Germany's Chancellor Merkel arrives at the European Union summit in Brussels
Germany's Chancellor Angela Merkel arrives at a European Union summit in Brussels. REUTERS

German Chancellor Angela Merkel is seeking to speed up reform of the European Union treaty, and she wants all 27 European Union member states to give their approval by the end of next year, government sources said Sunday.

Merkel won a victory last month in getting the EU to consider amending the Lisbon treaty, which took more than eight years to negotiate, arguing it was necessary if the bloc was to set up a permanent system for handling financial crises.

Herman Van Rompuy, president of the European Council, is due to report back in December on how limited treaty change proposals might be carried out. The initial aim was to get the amendments ratified by all member states by mid-2013.

Now Germany wants concrete proposals to be ready at the latest by next spring, so that a so-called government convention can be agreed.

The government is pushing for a limited amendment to the treaty to allow greater influence over states that bust budget rules and agreed obligations on stability and consolidation, a source told Reuters. This should be done and dusted by the end of 2012.
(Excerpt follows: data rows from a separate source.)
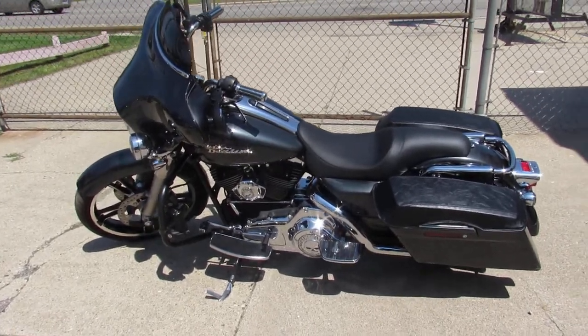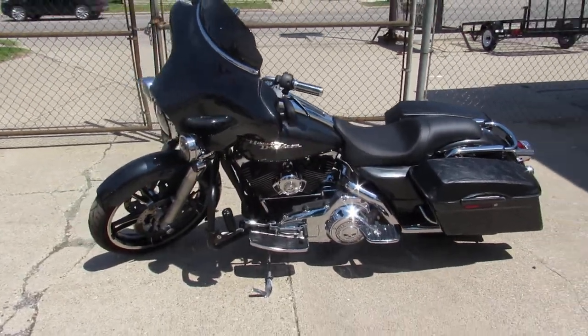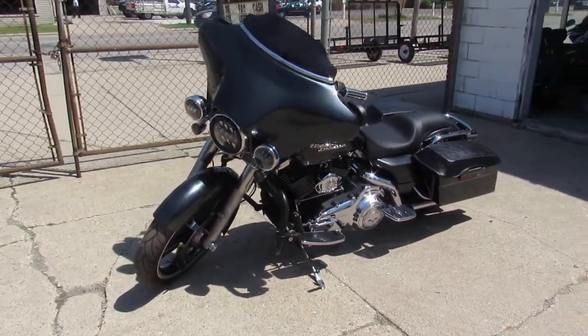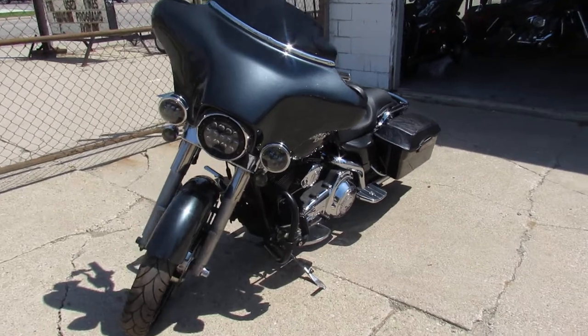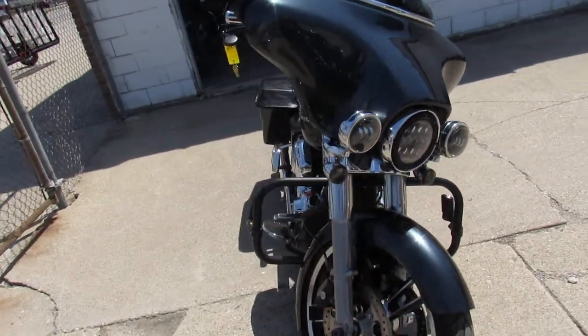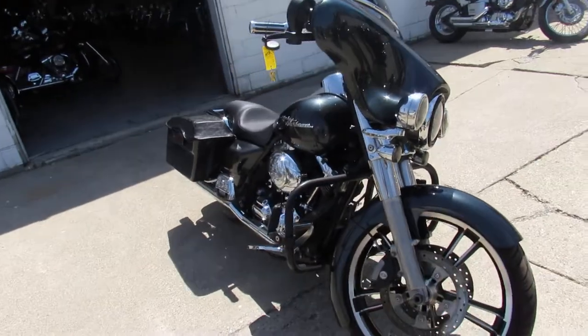Hey guys, ApprovalPowerSports.com here doing some videos on some bikes that just came in. This one here is a 2008 Street Glide for sale. Comes with dual Reinhardt exhaust, it's got the luggage rack. This one runs strong — just serviced at the dealership and ready to go.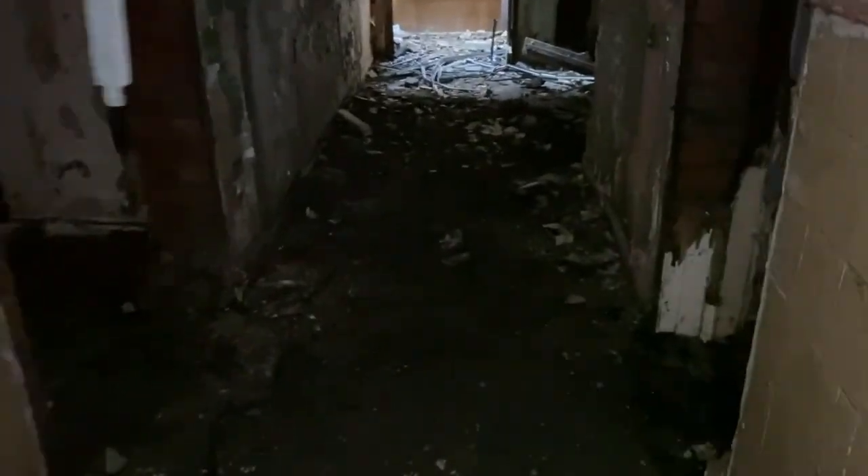We've got more collapsed roof here, some more creepy corridors. Another room — ceilings coming down. Take a look up there, not much left to see. This would have been some sort of bathroom because there's tiles there.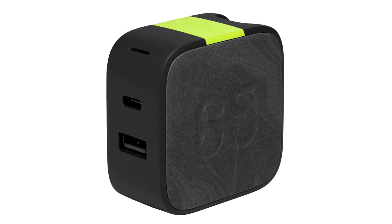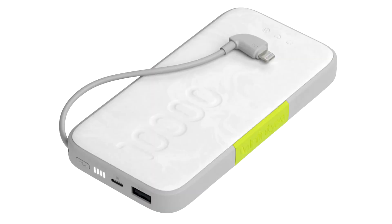The USB-C models come with an extra USB-C port, and the 10,000 mAh SKUs have an additional USB-A port. Next, we have a few Qi wireless charging products, two of which are battery packs with the same capacities and output as above, but the cables have been replaced with a wireless charging pad. Both models also have a USB-C and USB-A port.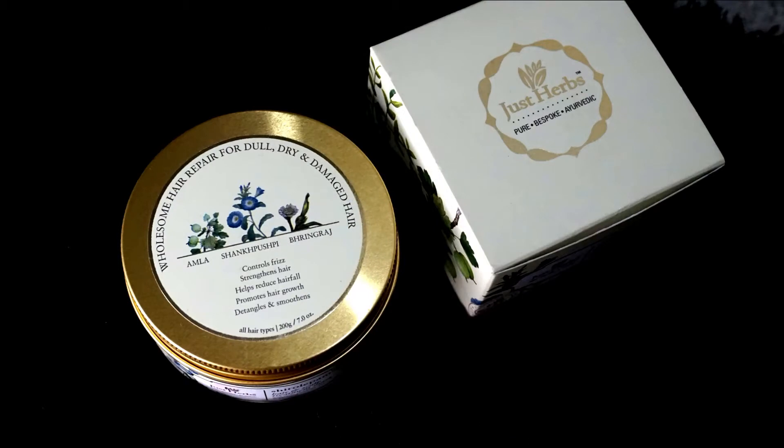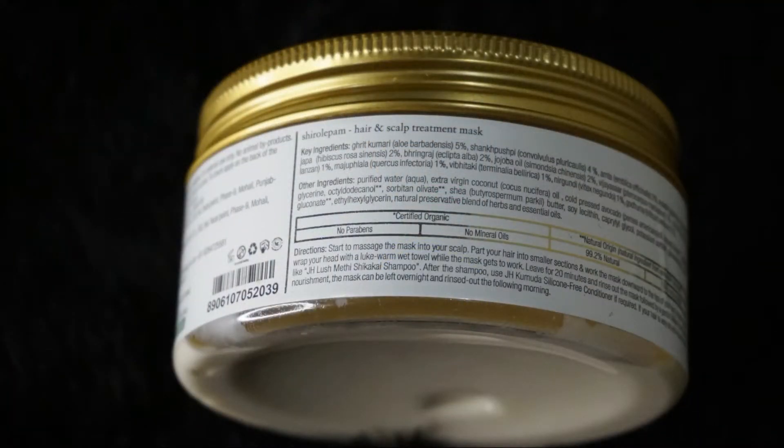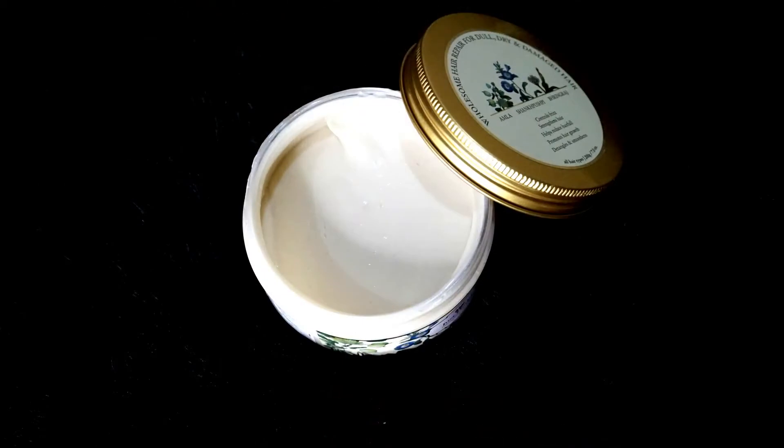Next I'm gonna talk about the hair mask — I freaking love this hair mask. It comes in a big jar and it says 'wholesome hair repair for dull, dry and damaged hair, controls frizz, strengthens hair, helps reduce hair fall, promotes hair growth, detangles and smoothens, all hair types.' On the back it has ingredients and directions. Once you open it, the texture is really fab — it's not greasy, not sticky, and as soon as you take it on your fingertips it literally melts.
Many of the EU's member states are opposed to altering a charter that they struggled to ratify in the first place, as they fear difficult referendums on further change.

Some states also believe more stringent action can be taken against profligate Eurozone members without changing the charter.

Merkel has suggested she would like to see the EU have the right to interfere in national budgets in extreme cases where Eurozone stability is put at risk. But Germany has stopped short of that in its proposals and asks rather for sanctions for those that breach deficit rules to be written into the treaty.

This would involve the right to challenge states at the European Court, to have their budgets declared void, without meddling further in the details.

Under the German proposals, the EU commission would also play a stronger role in monitoring budgets.